Science Shops & Community-Based Research (CBR)
AT-IT: Activity-theoretical Information Technology (Design & Development)
Education
Science Shops & Community-Based Research (CBR)

Science Shops & Community-Based Research (CBR)
I am am currently managing the Science Shops Wales project, a HEFCW-funded project which involves setting up and running a national network of community-based research centres or "Science Shops" in Welsh Universities, where tutors, researchers and students help local community groups and NGOs investigate and solve knowledge-based problems using hands-on scientific methods.

AT-IT: Activity-theoretical Information Technology (Design & Development)
The title of my recently submitted Doctoral thesis is "Supporting Learning-in-Use: Some Applications of Activity Theory to the Analysis and Design of ICT-Enabled Collaborative Work and Learning". Click here for the abstract and a link to download the complete thesis. The thesis reports work in the areas of Human-Computer Interaction (HCI), Participatory Design (PD) and Computer Supported Collaborative Work and Learning(CSCW/L), based on the observation and analysis of ICT use by nonprofessionals in real-world settings. This work was carried out within the University of Glamorgan School of Computing Hypermedia Research Unit, under the supervision of Dr. D. S. Tudhope.

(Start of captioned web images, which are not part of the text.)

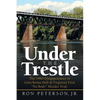 Under the Trestle: The 1980 Disappearance of Gina Renee Hall & Virginia's First "No Body" Murder Trial. - Paperback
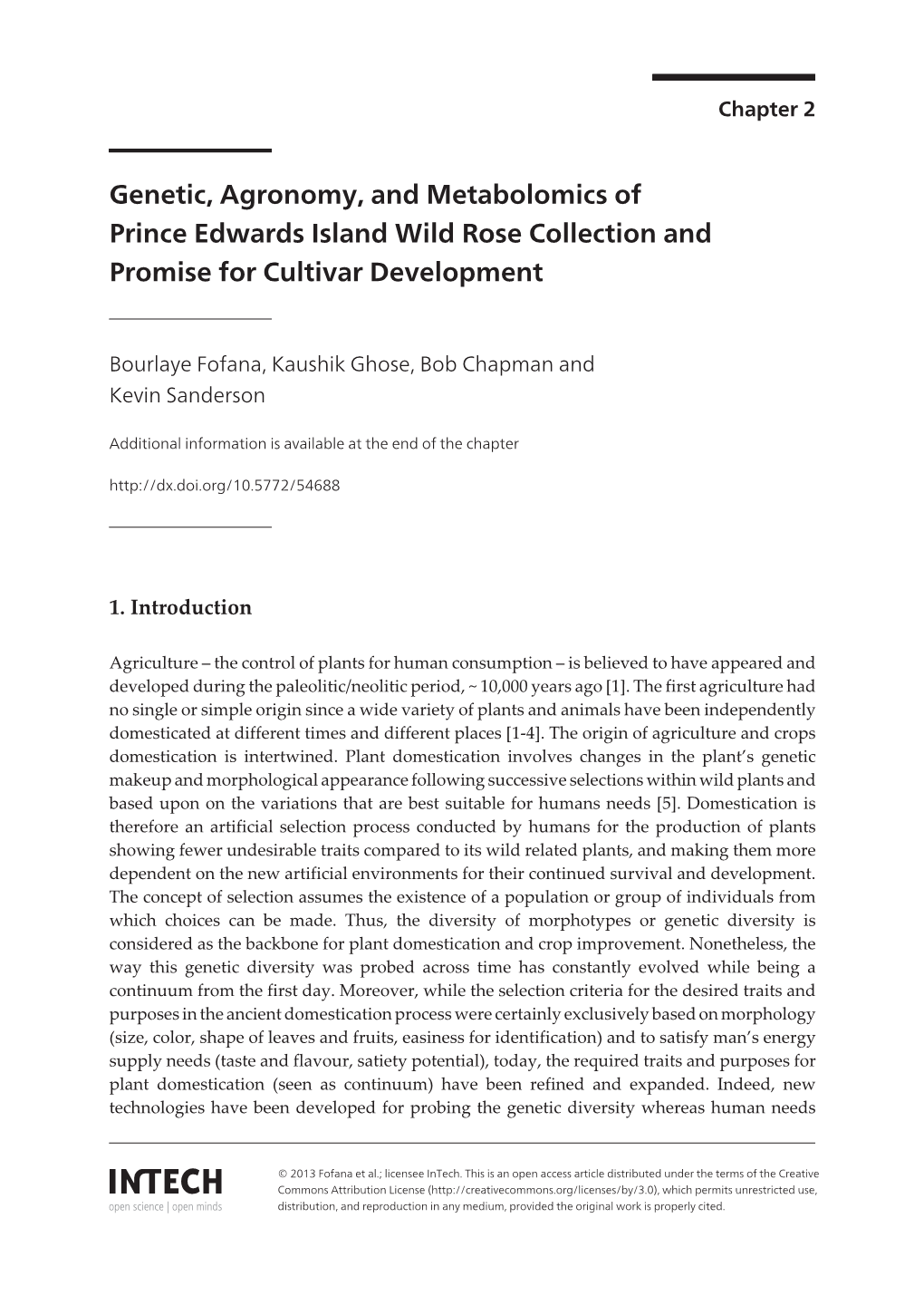 Genetic, Agronomy, and Metabolomics of Prince Edwards Island Wild Rose Collection and Promise for Cultivar Development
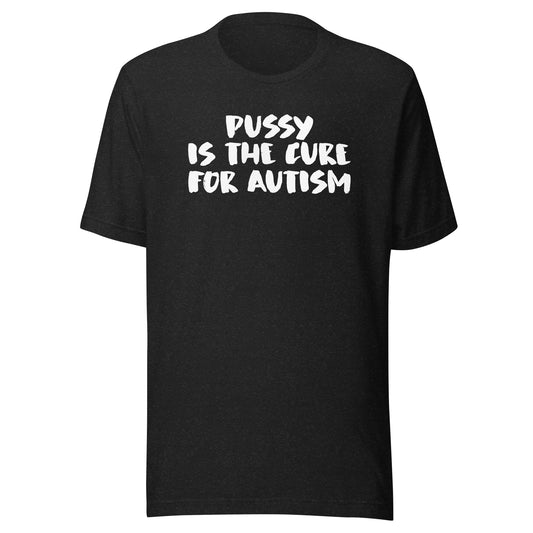 FOR AUTISM IS THE CURE PUSSY Unisex t-shirt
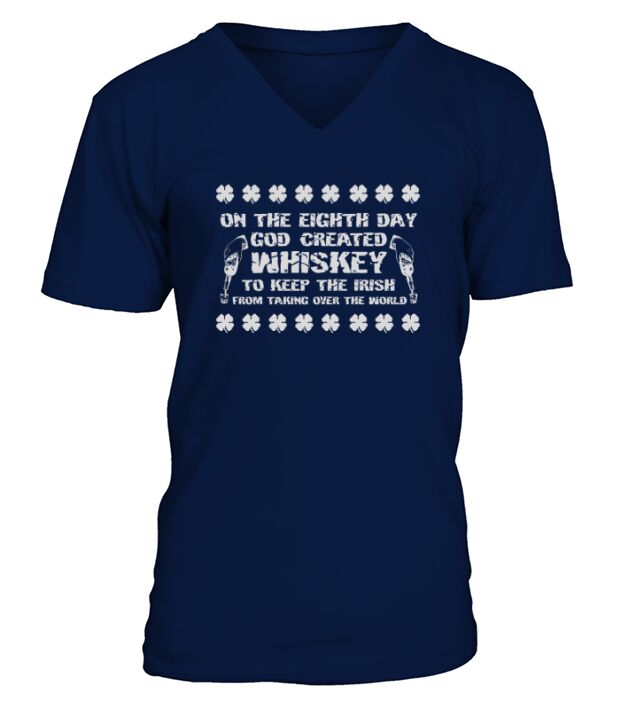 On The 8th Day God Created Whiskey Keep The Irish Wine t shirt V-Neck T-shirt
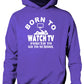 Born to Be Watch TV Television Forced to Go To School Kids Hoodie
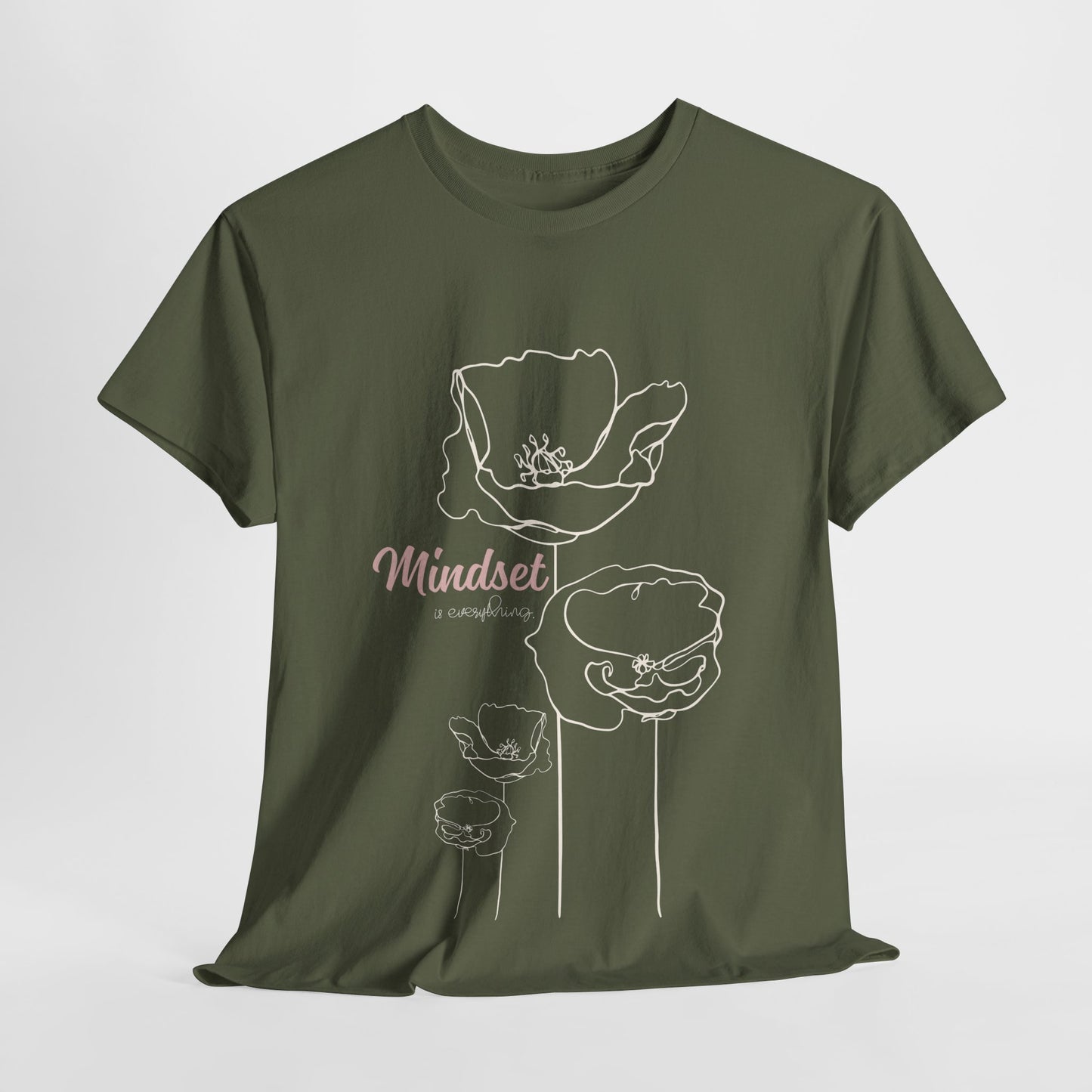 Mindset Is Everything 2.0 - T-Shirt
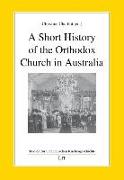 A Short History of the Orthodox Church in Australia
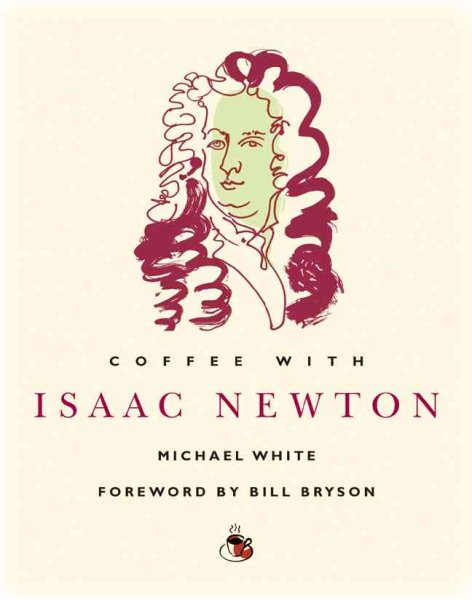 Coffee with Isaac Newton (Coffee with...Series) cover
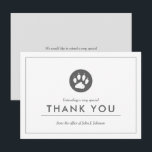 Veterinary Themed | Minimalist Flat Thank You Card<br><div class="desc">A minimal Veterinary themed thank you flat card featuring a simple black, grey and white monochrome design. It features a paw symbol inside of a dark circle highlighted above your own custom text. On the reverse side is an additional area for your own specific thank you message. All elements and...</div>
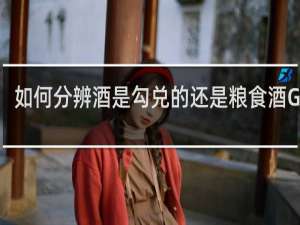 如何分辨酒是勾兑的还是粮食酒GBT\\/26760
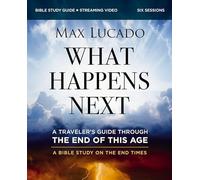 What Happens Next Bible Study Guide plus Streaming Video: A Traveler's Guide Through the End of This Age
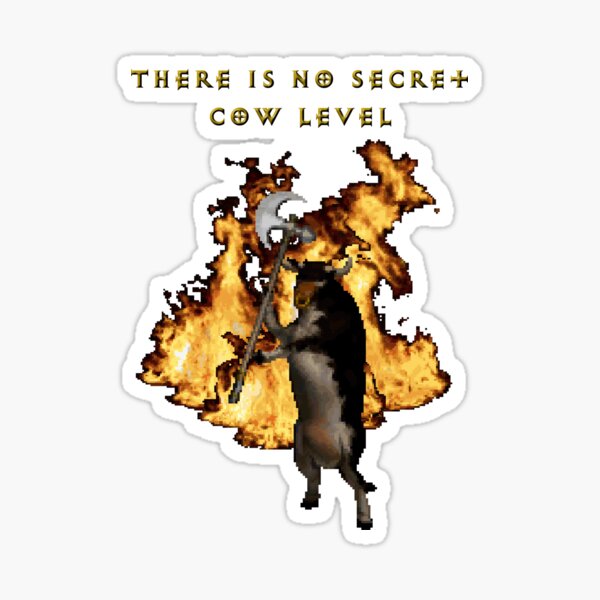 There is no secret cow level Sticker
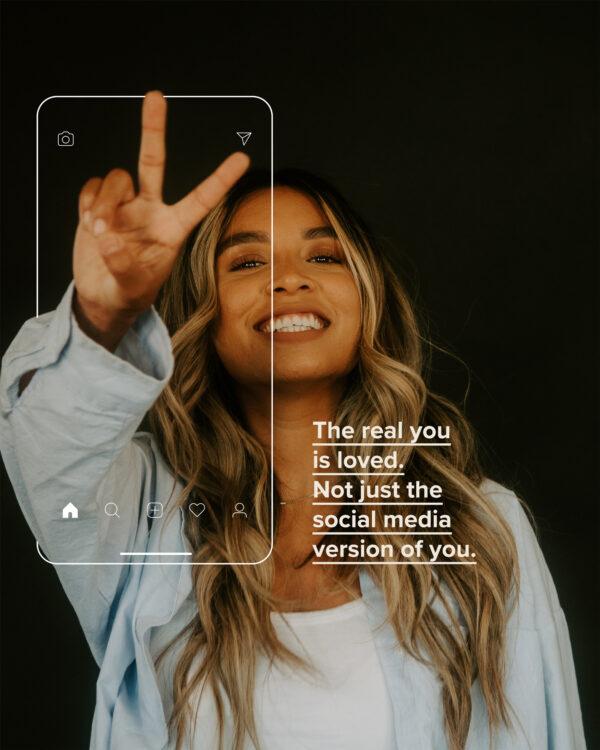The real you is loved. Not just the social media version of you.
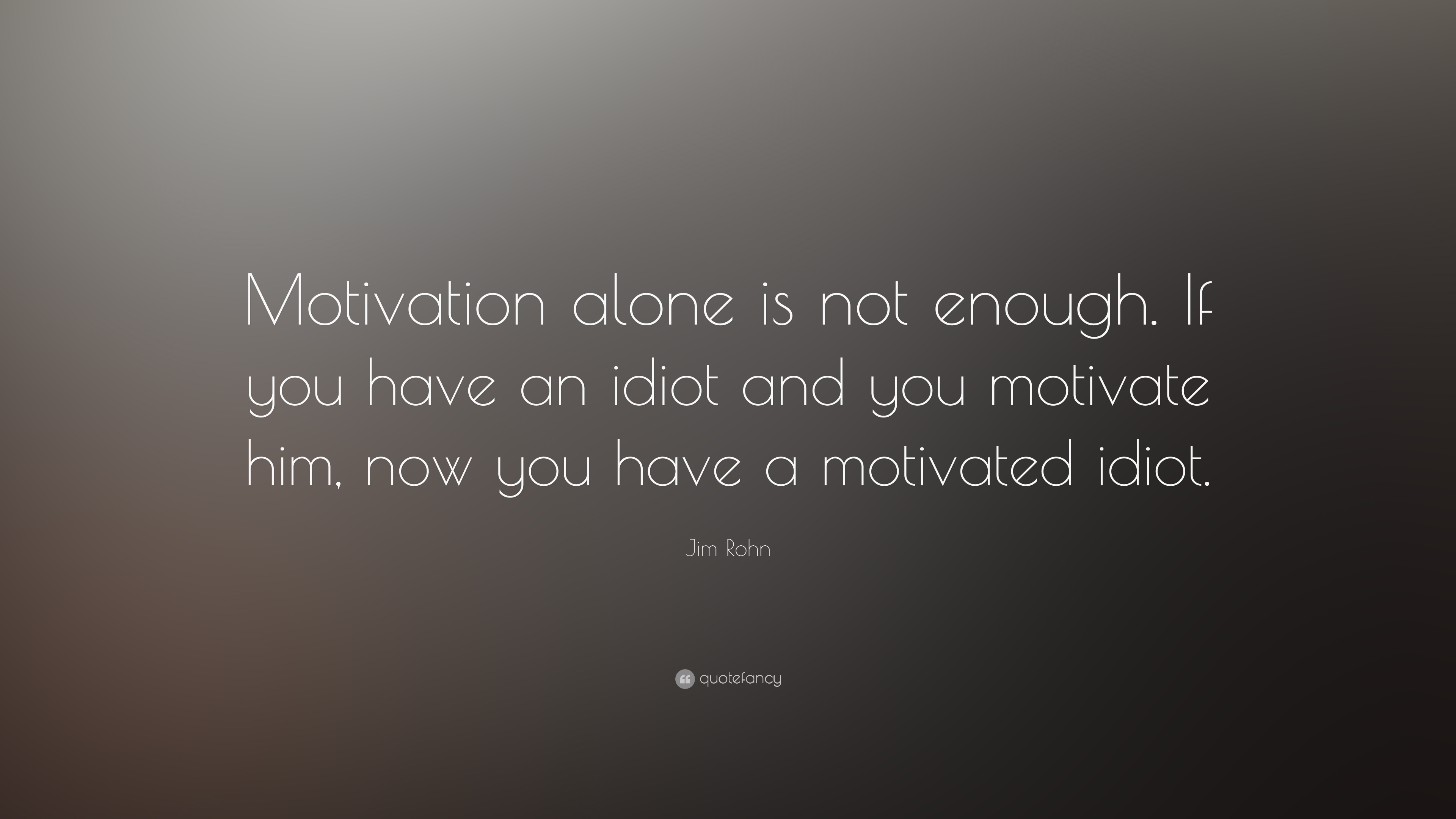 Jim Rohn Quote: “Motivation alone is not enough. If you have an ...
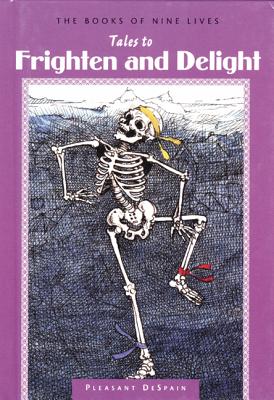 Tales to Frighten and Delight (Books of Nine Lives #8) By Pleasant DeSpain Cover Image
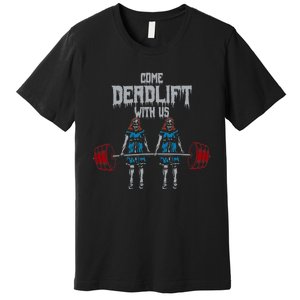 Come Deadlift With Us Weightlifting Bodybuilding Gym Fitness Premium T-Shirt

Much of the data underpinning the research was gathered locally (in south Wales), through work with groups of Adult Basic Skills literacy and numeracy learners at the nearby Pontypridd School of Basic Skills Open Learning Centre. In one example, the Computer Creative project of 2000-1, we explored the use of new media technologies as tools for creativity and communication, where the course curriculum and activities were developed in a student-led learner-centered, participatory design process. Other projects at the Centre have been based around the use of Internet technologies (e.g. Web authoring, email), virtual reality, and computer programming. My involvement with these projects has given me a passionate interest in adult basic education, and has lead directly to my involvement with the NRDC and Science Shops Wales (see below). The empirical research setting, in the postindustrial South Wales Valleys, has also led to my becoming interested in the issues raised by the impact of ICT on communities and individuals who are already excluded or marginalized from full socioeconomic participation - issues that can be loosely grouped under the heading of 'the digital divide'.

Theoretically, this research developed out of an early interest in (loosely Piagetian) constructivist approaches to using technology in education, inspired by the work of Prof. Seymour Papert & his associates - ideas that are embodied in the well-known computer programming language LOGO. However, growing awareness of the multilevel, collective, historically formed and developing nature of the human-computer interaction led me to seek more developed, consistent and holistic frameworks for my analyses. Through contact with the work of Prof. Susanne Bødker & her associates in the Human-Computer Interaction Group at Aarhus University, Denmark, I adopted activity theory as the principal framework for my investigations. I have subsequently worked to expand the interpretations of general activity theory used by the Scandinavian School of HCI to include insights from the Systems-Structural Theory of Activity, an activity-theoretical approach specifically tailored to the study of human work and learning.

Education
I contributed as a practitioner/researcher to a DFES funded investigation into the effective uses of Information Communication Technology (ICT) in adult literacy and numeracy. This project was carried out by the National Research & Development Centre for Adult Literacy & Numeracy (NRDC) and the University of London Institute of Education. The project directors were Dr. H. Mellar & Dr. M. Kambouri.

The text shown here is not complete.